To evaluate the long-term health and economic impacts of a nicotine product standard for the U.S. population by depression status.
A microsimulation model was developed and calibrated to National Survey on Drug Use and Health (NSDUH) 2005-2023 data on smoking, vaping, and depressive episodes. The anticipated effects of the nicotine product standard on smoking and vaping were obtained from an FDA expert elicitation and used to simulate the policy from 2027-2100.
Smoking and vaping.
Health outcomes included prevalence of smoking and vaping, deaths, and life years gained overall and by major depression status. Economic outcomes include direct costs to the healthcare system and societal costs.

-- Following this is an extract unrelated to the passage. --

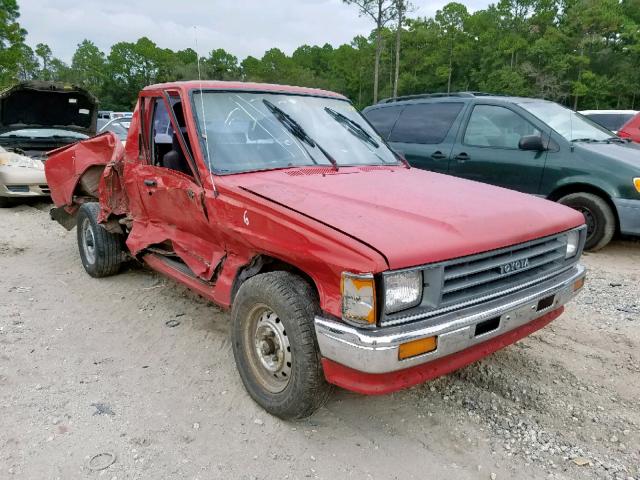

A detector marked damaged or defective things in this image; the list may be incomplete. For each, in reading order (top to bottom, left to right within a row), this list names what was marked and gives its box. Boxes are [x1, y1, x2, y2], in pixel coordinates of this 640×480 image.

Under the proposed nicotine product standard, smoking is projected to decline to <1% for people with and without depression by 2100. The policy is estimated to avert 1.7 million premature deaths and lead to 74.7 million life years gained. Depression prevalence is also expected to decline, with 8.5 million fewer cases of depression estimated. Longer life expectancies under the policy are projected to increase medical costs by $296 billion, while also increasing worker productivity by $266 billion with an additional $1.2 trillion in consumer spending.
Timely implementation of a nicotine reduction strategy, either through a federal product standard or state-level sales restrictions, is cost-effective and could prevent millions of premature deaths and reduce smoking disparities by depression status.
美国食品药品监督管理局(FDA)提议了一项产品标准,该标准将降低香烟中的尼古丁含量和成瘾性。目前尚不清楚这将对经济成果或受烟草使用影响尤为严重的优先人群(如重度抑郁症患者)产生何种影响。
按抑郁状态评估尼古丁产品标准对美国人群的长期健康和经济影响。
设计、背景与参与者:开发了一个微观模拟模型,并根据2005 - 2023年全国药物使用和健康调查(NSDUH)中关于吸烟、吸电子烟和抑郁发作的数据进行校准。尼古丁产品标准对吸烟和吸电子烟的预期影响来自FDA专家的意见,并用于模拟2027年至2100年的政策。
吸烟和吸电子烟。
健康结局包括吸烟和吸电子烟的患病率、死亡人数以及总体和按重度抑郁状态计算的获得的生命年数。经济结局包括医疗系统的直接成本和社会成本。
根据提议的尼古丁产品标准,预计到2100年,无论是否患有抑郁症,吸烟率都将降至1%以下。该政策预计可避免170万例过早死亡,并带来7470万个生命年的增加。抑郁症患病率预计也将下降,估计抑郁症病例减少850万例。预计该政策下更长的预期寿命将使医疗成本增加2960亿美元,同时使工人生产力提高2660亿美元,消费者支出额外增加1.2万亿美元。
通过联邦产品标准或州级销售限制及时实施尼古丁减少策略具有成本效益,可预防数百万例过早死亡,并减少因抑郁状态导致的吸烟差异。